Dominican Republic Revenues
The core of the government's fiscal problems lay on the
revenue side. Starting in 1970, revenues, as a percentage
of GDP,
steadily declined. These revenues hit a low in 1982, as
the
result of generous tax exemptions for industry. Many
economists
criticized the role of fiscal exemptions in the island's
industrialization because the government thereby forfeited
badly
needed revenues in favor of job creation. In 1983 the
government
introduced a 6-percent value-added tax and initiated a
number of
ad hoc taxes on international trade, licensing, luxury
items, and
foreign exchange transactions. These new taxes, however,
did not
make up for the loss of revenue that had resulted from the
low
rates of taxation on income and business profits.

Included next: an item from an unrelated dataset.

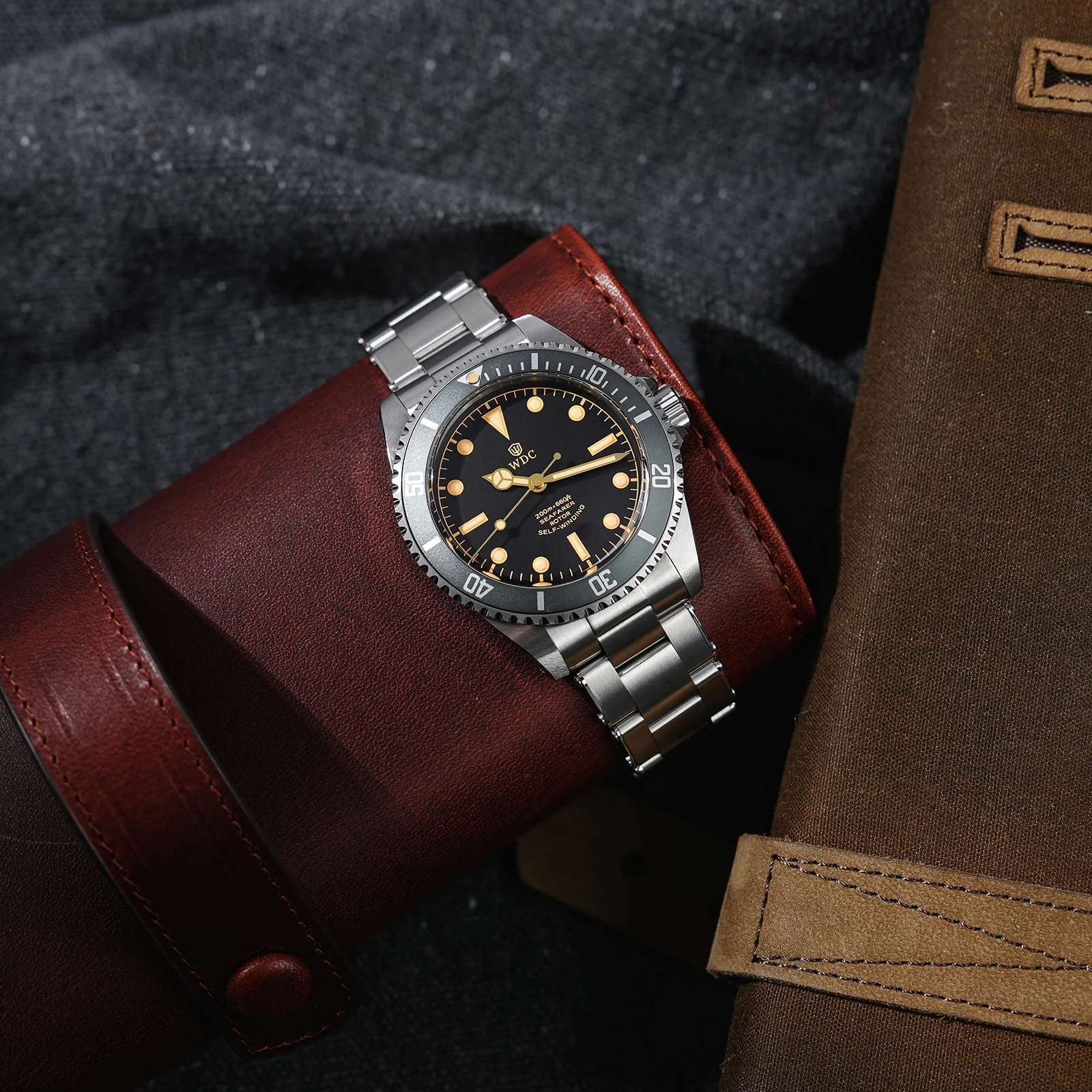 Product image 34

A fundamental feature of the nation's tax system was
the low
level of taxes on income and profits. In 1985 income taxes
represented only 0.6 percent of GDP, well below the
average of 2
percent of GDP for all developing countries. Furthermore,
the
income tax was effectively regressive because it utilized
a flat
rate and allowed numerous exemptions. Most new
corporations,
generally the most dynamic, benefited from at least one of
the
many fiscal incentives, and these enterprises therefore
added
little to the public coffers. In 1987 taxes on income and
profits
accounted for 19 percent of total tax revenue. Because of
the
political strength of the local and the foreign business
communities, major reforms in this section of the tax law
were
unlikely
(see Dominican Republic - Interest Groups
, ch. 4).
In addition to personal and corporate income taxes,
goods and
services and international trade were also taxed. Taxes on
goods
and services equalled 36 percent of all taxes in 1987,
whereas
those on international trade had reached 43 percent, a
relatively
high share. Steep import tariffs and export taxes on
principal
commodities constituted the bulk of taxes on trade.
Dominican
authorities found taxes on imports and exports far easier
to
legislate and to collect than domestic taxes, despite the
fact
that they created numerous economic disincentives. Non-tax
revenues, such as government income from property and
other
equity, provided 12 percent of total revenues in 1987.